Based on all of this, why do end users resist requirements to collateralize so strenuously? Remember that the cost is not the amount of collateral; the collateral is returned if there is no default. The cost is the difference between the cost of borrowing the funds used as collateral and the investment return on the collateral while it is posted.
One reason for resistance is convenience and avoiding operating expense. However, many end users trade on cleared exchanges as well as in bi-lateral markets, so the processes for collateralization are familiar. This suggests that additional factors enter into their motives.
It may be more productive to focus on factors other than costs. Companies that use derivatives to hedge their business risks receive advantageous treatment under accounting rules. Current hedge accounting rules provide that price movements that change values as described above are not recorded as profit or loss. The theory is that the value of the derivative and the value of the hedged item are inversely related.
While this rule makes sense, it does not make sense to ignore the embedded debt (in the form of foregone collateral) in a derivative. Simply stated
• the financial statements of a company that borrows money from a bank to post collateral on a derivative should look the same as
• the financial statements of a company that has an agreement with a counter party to forgo posting collateral.
While I have not reviewed the accounting treatment of every end user and every arrangement, it is certain that in a number of situations, foregone collateral credit arrangements are not treated as balance sheet debt. It may be that these transactions are misunderstood. It would be unfortunate if the end user exemption became a mechanism for continuing this practice.
This is far from trivial. Most agreements to forgo collateral require immediate funding of collateral if adverse credit events occur. It becomes a demand loan-a loan that can be called for repayment at any time. This can cause a liquidity crisis at the very time that the company is most vulnerable, resulting in a death spiral. Such events have occurred several times in the past. After the Enron meltdown, the ratings agencies responded by trying to measure the risk of a liquidity crisis resulting from this phenomenon, but it is difficult to craft general rules to measure the risk.
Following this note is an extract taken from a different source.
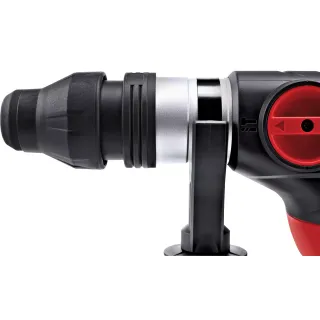 Електрически перфоратор FLEX CHE 5-40/ 1150W/ 10J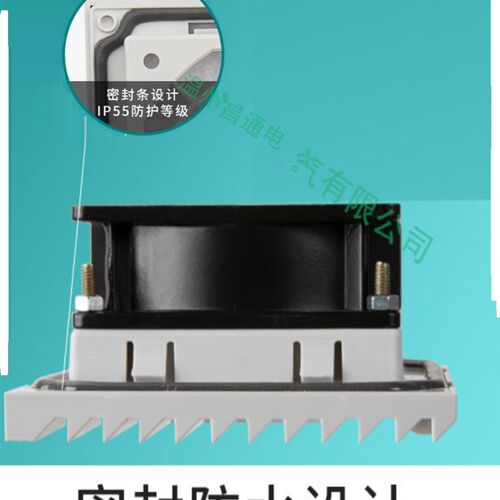 风机通风过滤网组ZL-801 802 803 804 805 806 807风机百叶窗网罩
The problem continues and periodically threatens the marketplace.
These arrangements are pervasive in the market. A line graph representing bi-lateral credit exposures in certain markets would look like a plate of spaghetti with a multitude of credit arrangements. What a challenge for the credit officers and legal teams for each of these companies to make sense of it all!
Finally, financial institutions almost never post collateral to end users. The end users simply do not have the market power to demand it. But that's alright. After all, is there any risk that a financial institution like Lehman would ever go into default?
Avoiding an accounting exemption is very appealing. But perhaps the better way to address this is to encourage efficient, third party systems, short of full on clearing, to track these exposures and to facilitate efficient collateral funding in bi-lateral transactions. The simple exemption for end users in financial regulation does not encourage the development of such a system. It ignores a troubling practice which need not burden the marketplace.
Wallace C. Turbeville is the former CEO of VMAC LLC and a former Vice President of Goldman, Sachs & Co.